Development of a novel inducible expression system for the manufacture of therapeutic proteins from CHO cells.

Production of biopharmaceuticals that are toxic or have detrimental effects on the growth of the host cell line is very challenging. To overcome this challenge researchers have developed a number of promoters allowing control of protein expression during the bioproduction process. The primary aim of that research was to enable a 2-step bioprocessing platform to be developed whereby the expression of the gene of interest is switched on after sufficient biomass has been obtained or a gene that has negative effects on DSP or product quality can be silenced. This type of process is particularly attractive for the production of difficult to express or toxic proteins where expression is deleterious to the cell or where host cell protens co-purify with the final product and complicate purification strategies.
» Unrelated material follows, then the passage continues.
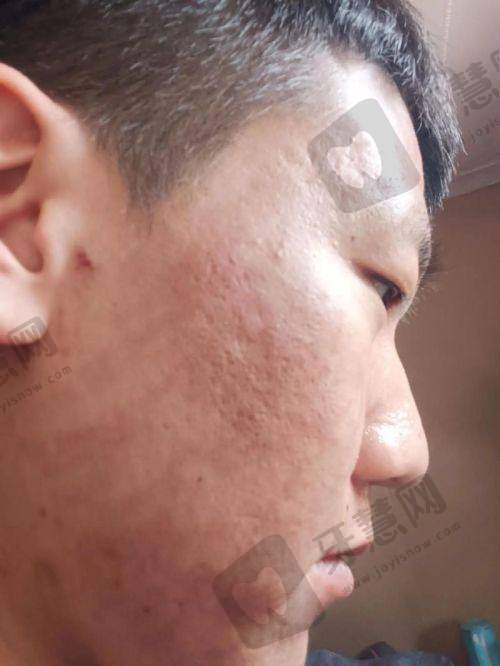 皮肤科在线询问免费24小时避坑指南：这3类“免费询问”千万别信！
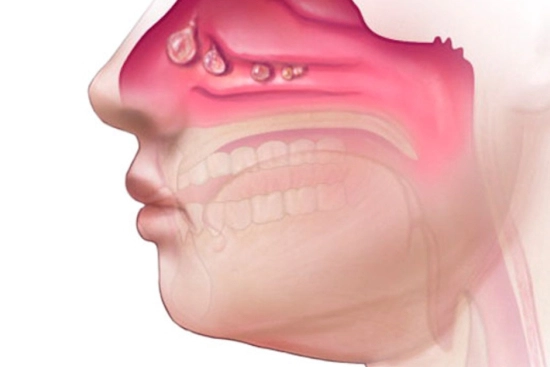 Восстановление после операции: чего ожидать по неделям 2026 Восстановление после операции: чего ожидать по неделям 2026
However, to date these promoters have proven to have insufficient control for the task with leaky expression observed or the need for multiple rounds of transfection and cell line selection to achieve the requisite control. Ideally the activity of those promoters should be inducible/repressible by a stress stimulus (chemical or physical) during the production process and allow tight control over the expression levels to ensure maximum productivity and high quality of the final product. To this end Synpromics has used its proprietary technology to develop new synthetic inducible/repressible systems that have demonstrated exquisite control of gene expression. These systems offer significant advantages over the currently available systems as they are small in size, can be driven from one plasmid, offer fine tuning of gene expression, are driven by physiological or chemical stimulus that are non-toxic and are therefore ideal for improving productivity and minimising costs during bioproduction in CHO cells. Using these novel gene expression control tools Synpromics and Lonza will embark on an 18 month exemplification program to validate the use of these control tools in a GMP environment using well characterized model proteins. Once validated in an industrially relevant situation, these tools will then be used to design a process for a therapeutic construct and a manufacturing process will be developed. In addition to this outcome, the validation of Synpromics's control tools will increase the flexibility of bioproduction and offer the industry new powerful tools with which to increase the number and type of proteins that can be produced from CHO cells.